*INSTRUCTIONS TO FOLLOW*
From the data underneath, reproduce exactly the stretch that begins at the line with "2G1WT58N289206980 2008 Chevrolet Impala Lt" and ends after the line with "Impatto choc tra".

*EXTRACTED DATA*
=== Section Start ===

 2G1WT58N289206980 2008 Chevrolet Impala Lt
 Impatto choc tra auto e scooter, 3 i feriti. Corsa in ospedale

=== Section End ===
=== Section Start ===

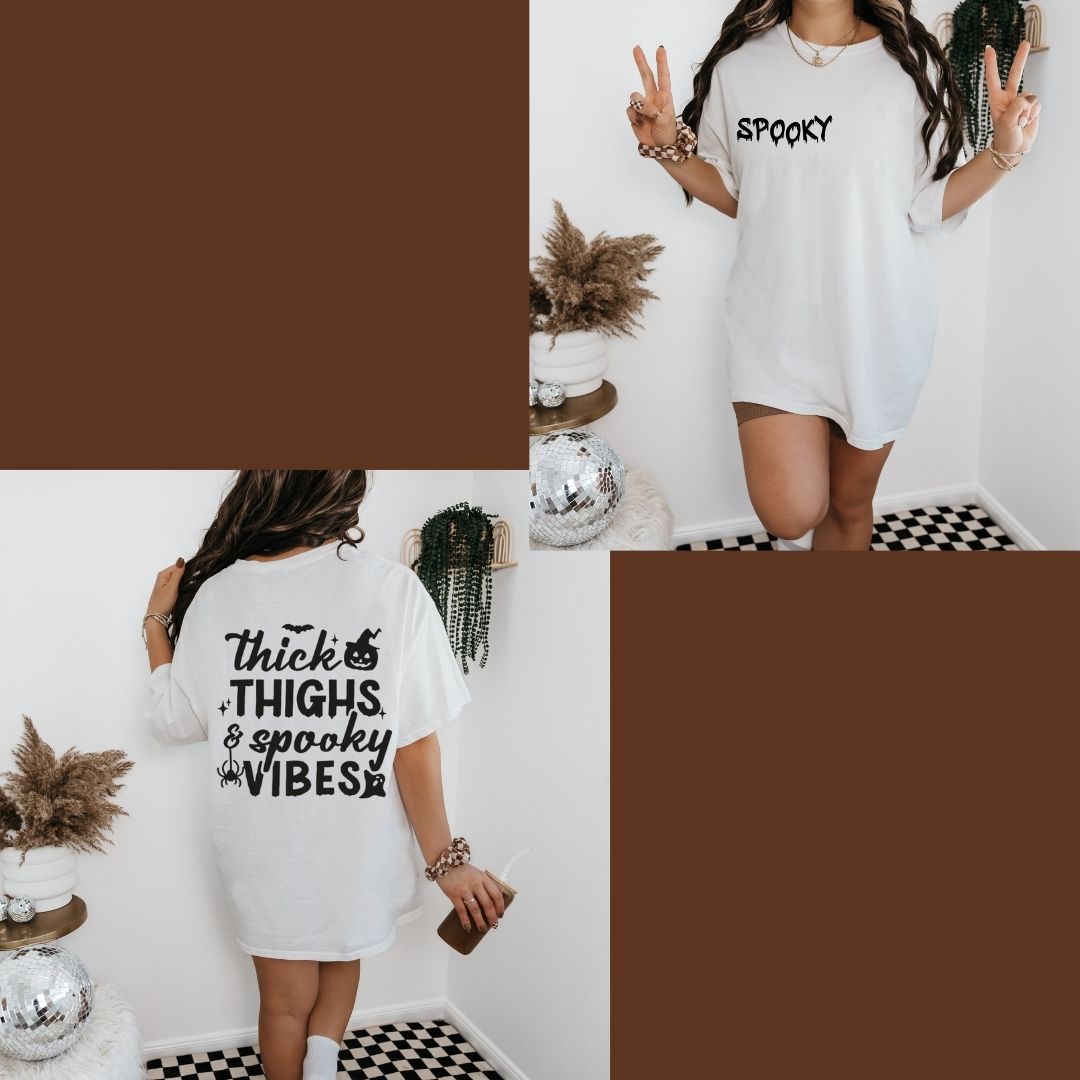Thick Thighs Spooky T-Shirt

=== Section End ===

*REPLY*
 2G1WT58N289206980 2008 Chevrolet Impala Lt
 Impatto choc tra auto e scooter, 3 i feriti. Corsa in ospedale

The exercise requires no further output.